2. Nauset Trail traverse to First Encounter Beach (Gates 3-4),
Mile 34 marks the National Seashore exit (Gate 3). The run goes westbound towards Cape Cod Bay through the Nauset Trail. The trail is 3 miles long and winds along the edge of the Nauset Marsh through a recovering forest that ends in the Salt Pond Visitor Center. I stopped in this spot early in the morning and left a food cache hidden behind the bathrooms. On my way back after 12 hours running, I was happy to see that my food was intact, and the chicken wrap, frozen oranges, and watermelon were still fresh and ready to be devoured. This is an excellent place to refill all water bottles since there is no water for the next 8 miles. There is a small 3 mile run through local roads from the Center to connect with First Encounter Beach (Gate 4).
3. Brewster Salt Flats and (Gates 4-5)
Mile 40, First Encounter Beach, marks the third pass that depends on tides. At high tides, water is deep enough for mid-size fishing boats, and barely any water at low tide. There is no internal trail since the coast is flanked by marshes. At 6 pm, the place welcomed me with a magnificent sunset and 3 miles of hard-packed (and wet) sand. At this time, in some sections, the water may be knee-deep, but for the most part, it is runnable. The exit of this section is a car road named Crosby Landing (Gate 5).
Note: running in Brewster flats during low tide is a safe activity; getting inside the marshes can be dangerous. What appears to be sand bars next to the rivers are often quick sands instead. Vegetation is overgrown, and there are not many people around, so it is possible to get stuck there, without readily available help. There is cell coverage in that section, but dealing with quick sand after long hours of running is no fun. Take my word for it.
4. Nickerson State Park and finish line (Gates 5-8)
Mile 43 marks the Entrance of Nickerson State Park, a beautiful six-mile loop around three kettle ponds surrounded by woodlands and sandy shores. Trails are very well kept and also extensive. The trail system is very complex. I relied on both my Garmin watch and Gaia GPS app to keep track of the trail since it is very easy to get disoriented and take the wrong turn. Gate 6 marks the outer part of the loop as a reference point. From there, I ran back to Crosby Landing (Gate 7) to tackle the final section of Brewster Flats towards the end of the run; Nickerson Park is the last water fountain.

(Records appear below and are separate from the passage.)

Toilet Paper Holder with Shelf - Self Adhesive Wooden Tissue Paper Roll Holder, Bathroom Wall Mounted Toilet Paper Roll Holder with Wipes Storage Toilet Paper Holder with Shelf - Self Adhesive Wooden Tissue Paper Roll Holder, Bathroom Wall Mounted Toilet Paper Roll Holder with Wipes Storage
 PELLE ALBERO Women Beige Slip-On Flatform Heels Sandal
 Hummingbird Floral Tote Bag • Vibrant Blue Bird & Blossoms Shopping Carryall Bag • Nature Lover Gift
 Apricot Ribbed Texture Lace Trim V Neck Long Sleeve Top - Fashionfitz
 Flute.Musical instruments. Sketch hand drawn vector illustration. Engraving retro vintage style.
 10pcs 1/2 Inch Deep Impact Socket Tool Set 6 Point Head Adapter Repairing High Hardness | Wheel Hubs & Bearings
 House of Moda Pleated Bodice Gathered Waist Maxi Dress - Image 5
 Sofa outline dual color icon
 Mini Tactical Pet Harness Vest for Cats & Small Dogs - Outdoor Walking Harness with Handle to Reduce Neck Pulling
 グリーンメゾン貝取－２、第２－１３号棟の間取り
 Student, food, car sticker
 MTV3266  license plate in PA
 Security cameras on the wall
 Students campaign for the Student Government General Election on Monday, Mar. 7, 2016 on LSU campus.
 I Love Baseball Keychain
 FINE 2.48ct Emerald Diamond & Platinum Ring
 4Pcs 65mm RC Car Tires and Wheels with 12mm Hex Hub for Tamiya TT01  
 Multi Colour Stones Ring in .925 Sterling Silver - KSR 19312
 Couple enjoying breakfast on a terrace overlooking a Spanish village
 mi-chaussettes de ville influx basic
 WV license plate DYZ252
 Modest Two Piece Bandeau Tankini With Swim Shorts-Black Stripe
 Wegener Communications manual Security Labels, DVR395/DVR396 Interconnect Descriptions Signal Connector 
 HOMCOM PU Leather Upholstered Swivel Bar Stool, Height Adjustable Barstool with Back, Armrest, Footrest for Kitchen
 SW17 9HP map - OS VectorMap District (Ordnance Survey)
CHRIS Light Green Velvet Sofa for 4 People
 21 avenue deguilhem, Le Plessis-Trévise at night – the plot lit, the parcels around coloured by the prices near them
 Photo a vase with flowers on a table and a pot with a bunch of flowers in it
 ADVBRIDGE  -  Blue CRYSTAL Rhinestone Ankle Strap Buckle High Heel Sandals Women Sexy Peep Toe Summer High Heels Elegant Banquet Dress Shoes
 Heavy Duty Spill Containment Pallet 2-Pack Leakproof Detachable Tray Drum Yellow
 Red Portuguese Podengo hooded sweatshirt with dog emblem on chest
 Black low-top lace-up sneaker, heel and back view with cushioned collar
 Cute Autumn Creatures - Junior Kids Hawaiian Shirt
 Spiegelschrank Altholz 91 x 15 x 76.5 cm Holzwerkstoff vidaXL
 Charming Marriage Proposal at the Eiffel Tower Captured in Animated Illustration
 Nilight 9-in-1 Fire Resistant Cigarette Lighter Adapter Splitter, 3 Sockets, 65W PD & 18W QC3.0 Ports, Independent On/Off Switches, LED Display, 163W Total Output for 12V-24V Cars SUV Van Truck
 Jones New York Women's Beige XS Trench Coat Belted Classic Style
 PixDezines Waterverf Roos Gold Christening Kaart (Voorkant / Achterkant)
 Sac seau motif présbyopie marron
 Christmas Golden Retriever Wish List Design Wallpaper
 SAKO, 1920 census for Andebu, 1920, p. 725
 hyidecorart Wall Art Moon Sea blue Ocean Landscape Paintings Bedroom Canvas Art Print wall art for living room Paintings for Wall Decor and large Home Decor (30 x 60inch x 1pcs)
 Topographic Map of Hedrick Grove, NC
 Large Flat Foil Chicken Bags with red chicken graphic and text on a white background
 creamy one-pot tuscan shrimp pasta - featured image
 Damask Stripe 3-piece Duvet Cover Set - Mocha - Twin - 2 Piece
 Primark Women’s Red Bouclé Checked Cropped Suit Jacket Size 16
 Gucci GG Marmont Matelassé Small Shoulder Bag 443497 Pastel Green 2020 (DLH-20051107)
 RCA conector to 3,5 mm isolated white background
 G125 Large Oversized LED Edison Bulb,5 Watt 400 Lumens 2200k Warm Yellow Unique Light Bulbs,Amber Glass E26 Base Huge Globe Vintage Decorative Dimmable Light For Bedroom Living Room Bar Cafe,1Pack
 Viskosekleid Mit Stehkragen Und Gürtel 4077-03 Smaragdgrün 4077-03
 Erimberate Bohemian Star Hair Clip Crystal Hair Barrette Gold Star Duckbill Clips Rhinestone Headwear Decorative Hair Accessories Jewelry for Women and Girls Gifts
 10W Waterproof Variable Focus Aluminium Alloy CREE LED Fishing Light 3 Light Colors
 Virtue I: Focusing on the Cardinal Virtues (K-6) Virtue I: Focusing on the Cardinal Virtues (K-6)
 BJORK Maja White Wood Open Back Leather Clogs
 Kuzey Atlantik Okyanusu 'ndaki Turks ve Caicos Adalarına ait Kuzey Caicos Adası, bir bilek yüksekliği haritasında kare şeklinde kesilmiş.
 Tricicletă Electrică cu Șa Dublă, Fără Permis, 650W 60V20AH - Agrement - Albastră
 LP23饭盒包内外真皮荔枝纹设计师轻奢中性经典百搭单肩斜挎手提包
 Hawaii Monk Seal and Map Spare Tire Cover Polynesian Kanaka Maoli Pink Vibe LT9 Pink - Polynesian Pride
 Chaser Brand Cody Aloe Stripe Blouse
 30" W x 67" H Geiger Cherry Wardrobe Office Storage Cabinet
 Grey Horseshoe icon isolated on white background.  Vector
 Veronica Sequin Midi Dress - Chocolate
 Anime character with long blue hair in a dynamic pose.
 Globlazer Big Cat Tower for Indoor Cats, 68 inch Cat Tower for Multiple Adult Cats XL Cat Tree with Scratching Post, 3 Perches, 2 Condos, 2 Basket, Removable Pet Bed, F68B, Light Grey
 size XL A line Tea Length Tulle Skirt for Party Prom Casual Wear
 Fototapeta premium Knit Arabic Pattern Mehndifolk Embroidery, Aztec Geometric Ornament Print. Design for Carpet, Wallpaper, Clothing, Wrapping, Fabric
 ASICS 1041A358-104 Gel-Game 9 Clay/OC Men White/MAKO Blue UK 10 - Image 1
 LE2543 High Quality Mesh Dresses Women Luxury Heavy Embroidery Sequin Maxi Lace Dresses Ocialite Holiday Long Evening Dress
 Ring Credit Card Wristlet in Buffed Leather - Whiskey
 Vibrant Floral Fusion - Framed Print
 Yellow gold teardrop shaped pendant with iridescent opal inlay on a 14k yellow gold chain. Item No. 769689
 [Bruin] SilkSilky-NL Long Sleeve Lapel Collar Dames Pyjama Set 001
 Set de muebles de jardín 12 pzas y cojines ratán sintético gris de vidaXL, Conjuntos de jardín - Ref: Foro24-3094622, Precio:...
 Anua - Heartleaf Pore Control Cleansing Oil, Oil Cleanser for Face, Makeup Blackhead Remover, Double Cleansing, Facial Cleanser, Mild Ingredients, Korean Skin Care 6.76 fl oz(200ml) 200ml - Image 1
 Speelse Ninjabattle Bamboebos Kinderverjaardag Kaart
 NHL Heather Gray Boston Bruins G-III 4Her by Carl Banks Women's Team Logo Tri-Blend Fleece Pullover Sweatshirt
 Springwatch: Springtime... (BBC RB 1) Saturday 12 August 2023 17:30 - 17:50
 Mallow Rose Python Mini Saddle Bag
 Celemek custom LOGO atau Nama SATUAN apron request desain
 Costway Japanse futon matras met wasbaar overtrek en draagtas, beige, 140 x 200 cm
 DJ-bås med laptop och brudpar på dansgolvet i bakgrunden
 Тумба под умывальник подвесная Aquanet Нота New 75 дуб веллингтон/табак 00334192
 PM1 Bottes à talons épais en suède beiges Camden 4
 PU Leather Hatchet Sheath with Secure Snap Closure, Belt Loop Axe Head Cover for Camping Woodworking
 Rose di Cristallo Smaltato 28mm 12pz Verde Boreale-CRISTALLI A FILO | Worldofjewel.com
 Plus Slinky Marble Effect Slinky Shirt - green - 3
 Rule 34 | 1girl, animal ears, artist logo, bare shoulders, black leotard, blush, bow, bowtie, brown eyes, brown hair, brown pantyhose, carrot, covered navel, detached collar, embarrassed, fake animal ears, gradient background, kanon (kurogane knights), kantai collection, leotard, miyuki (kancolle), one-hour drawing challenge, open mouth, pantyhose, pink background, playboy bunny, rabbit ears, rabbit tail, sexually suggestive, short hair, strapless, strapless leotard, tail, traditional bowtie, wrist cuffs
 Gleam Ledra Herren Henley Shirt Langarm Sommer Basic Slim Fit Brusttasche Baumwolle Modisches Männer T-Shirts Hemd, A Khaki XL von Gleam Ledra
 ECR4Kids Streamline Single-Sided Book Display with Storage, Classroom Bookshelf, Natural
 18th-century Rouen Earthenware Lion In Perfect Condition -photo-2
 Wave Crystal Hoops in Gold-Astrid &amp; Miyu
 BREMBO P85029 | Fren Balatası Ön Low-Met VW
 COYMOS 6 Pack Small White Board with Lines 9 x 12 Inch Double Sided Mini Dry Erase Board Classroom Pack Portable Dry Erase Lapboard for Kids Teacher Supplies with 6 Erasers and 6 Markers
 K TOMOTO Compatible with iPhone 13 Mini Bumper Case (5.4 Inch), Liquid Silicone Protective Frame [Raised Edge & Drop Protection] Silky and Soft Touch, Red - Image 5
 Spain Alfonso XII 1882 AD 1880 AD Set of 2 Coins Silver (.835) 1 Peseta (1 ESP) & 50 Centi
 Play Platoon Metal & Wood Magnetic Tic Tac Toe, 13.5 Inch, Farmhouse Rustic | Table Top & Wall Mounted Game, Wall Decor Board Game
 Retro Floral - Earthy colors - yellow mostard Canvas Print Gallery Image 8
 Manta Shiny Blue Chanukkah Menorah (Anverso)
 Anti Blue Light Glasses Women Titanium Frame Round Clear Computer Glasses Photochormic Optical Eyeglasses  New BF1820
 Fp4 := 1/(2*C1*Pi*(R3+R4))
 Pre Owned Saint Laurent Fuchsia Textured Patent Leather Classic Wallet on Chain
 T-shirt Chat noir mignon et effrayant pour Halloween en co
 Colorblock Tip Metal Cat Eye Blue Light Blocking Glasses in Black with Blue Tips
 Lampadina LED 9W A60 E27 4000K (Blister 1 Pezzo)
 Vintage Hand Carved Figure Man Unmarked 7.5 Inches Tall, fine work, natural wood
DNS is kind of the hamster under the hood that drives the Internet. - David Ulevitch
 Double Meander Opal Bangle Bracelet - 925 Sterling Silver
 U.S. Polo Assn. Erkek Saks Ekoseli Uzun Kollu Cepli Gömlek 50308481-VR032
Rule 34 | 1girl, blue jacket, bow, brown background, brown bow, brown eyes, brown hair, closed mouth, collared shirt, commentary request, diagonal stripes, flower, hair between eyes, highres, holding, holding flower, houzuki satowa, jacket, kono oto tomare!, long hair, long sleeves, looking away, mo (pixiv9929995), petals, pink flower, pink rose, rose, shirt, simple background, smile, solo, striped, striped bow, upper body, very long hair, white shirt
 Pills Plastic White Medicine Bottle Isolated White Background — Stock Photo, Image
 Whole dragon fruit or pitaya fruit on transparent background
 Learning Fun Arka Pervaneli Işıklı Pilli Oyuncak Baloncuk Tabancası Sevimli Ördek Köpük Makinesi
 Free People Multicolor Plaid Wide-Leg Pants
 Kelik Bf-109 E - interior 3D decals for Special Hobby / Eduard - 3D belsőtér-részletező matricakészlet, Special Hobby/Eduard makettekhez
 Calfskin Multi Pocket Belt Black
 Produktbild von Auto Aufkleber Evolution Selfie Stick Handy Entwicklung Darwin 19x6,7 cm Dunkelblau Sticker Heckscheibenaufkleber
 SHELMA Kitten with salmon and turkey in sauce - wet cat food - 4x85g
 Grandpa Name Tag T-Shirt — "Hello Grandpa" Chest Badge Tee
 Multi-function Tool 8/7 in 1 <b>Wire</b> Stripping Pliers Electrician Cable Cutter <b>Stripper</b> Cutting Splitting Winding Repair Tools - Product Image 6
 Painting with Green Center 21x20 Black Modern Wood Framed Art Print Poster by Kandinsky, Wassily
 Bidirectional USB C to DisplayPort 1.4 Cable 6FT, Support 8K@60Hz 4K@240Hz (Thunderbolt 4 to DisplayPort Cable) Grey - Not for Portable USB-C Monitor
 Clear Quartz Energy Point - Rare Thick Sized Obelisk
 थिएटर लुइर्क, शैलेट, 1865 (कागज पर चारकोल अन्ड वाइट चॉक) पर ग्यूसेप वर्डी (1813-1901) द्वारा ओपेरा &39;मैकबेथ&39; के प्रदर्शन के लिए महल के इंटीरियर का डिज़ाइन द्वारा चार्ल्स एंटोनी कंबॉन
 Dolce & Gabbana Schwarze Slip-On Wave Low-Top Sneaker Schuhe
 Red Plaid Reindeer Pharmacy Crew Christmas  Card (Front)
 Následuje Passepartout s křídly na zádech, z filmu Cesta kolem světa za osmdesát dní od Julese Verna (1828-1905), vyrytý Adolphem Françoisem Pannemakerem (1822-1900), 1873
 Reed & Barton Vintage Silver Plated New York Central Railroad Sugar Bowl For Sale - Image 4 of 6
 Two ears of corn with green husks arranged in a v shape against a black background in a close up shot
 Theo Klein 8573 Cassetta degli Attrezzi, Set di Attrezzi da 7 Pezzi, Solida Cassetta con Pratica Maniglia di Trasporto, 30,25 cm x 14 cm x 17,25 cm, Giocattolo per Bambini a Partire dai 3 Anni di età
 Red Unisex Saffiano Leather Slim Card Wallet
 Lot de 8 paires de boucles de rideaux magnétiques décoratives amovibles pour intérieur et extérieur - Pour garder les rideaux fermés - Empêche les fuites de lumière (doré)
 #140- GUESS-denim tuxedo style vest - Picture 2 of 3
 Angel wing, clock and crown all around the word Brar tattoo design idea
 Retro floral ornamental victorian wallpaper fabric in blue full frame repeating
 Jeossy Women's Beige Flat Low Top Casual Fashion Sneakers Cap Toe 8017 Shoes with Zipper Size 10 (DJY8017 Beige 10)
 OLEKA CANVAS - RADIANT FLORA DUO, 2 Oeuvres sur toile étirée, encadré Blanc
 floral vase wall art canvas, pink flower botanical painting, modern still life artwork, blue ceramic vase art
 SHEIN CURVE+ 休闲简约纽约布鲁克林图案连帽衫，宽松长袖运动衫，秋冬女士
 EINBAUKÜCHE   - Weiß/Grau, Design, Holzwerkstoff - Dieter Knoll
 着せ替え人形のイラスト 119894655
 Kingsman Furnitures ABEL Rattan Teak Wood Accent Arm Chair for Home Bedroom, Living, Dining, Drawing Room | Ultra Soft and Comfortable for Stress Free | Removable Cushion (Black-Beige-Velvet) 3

Mile 52, Crosby Landing (Gate 7) marks the last section of the run. This section of the beach is perfect for running a final sprint towards Paines Creek Landing at mid to low tide. At high tide, most of the section is doable, however, there are many private jetties from coastal homes that need to be sorted out. In some cases, locals may not be happy with the idea of having runners passing by their property boundaries with their ubiquitous private beach signs. Another alternative is to get a little bit wet. This is ok in summer and fall, but spring water can still be in the low 60s to upper 50s.
After a short run through a local street, Mile 57 marks the end of this incredible run. There is an open mall (Lemon Tree Shops) with ample parking and a good food selection. If you are lucky enough to stay a few yards down the road at the Sea Meadow Inn, your crew, a hot shower under the stars, and a warm bed will be waiting for you after a long day of running.
Super cool route! Would love to try it someday!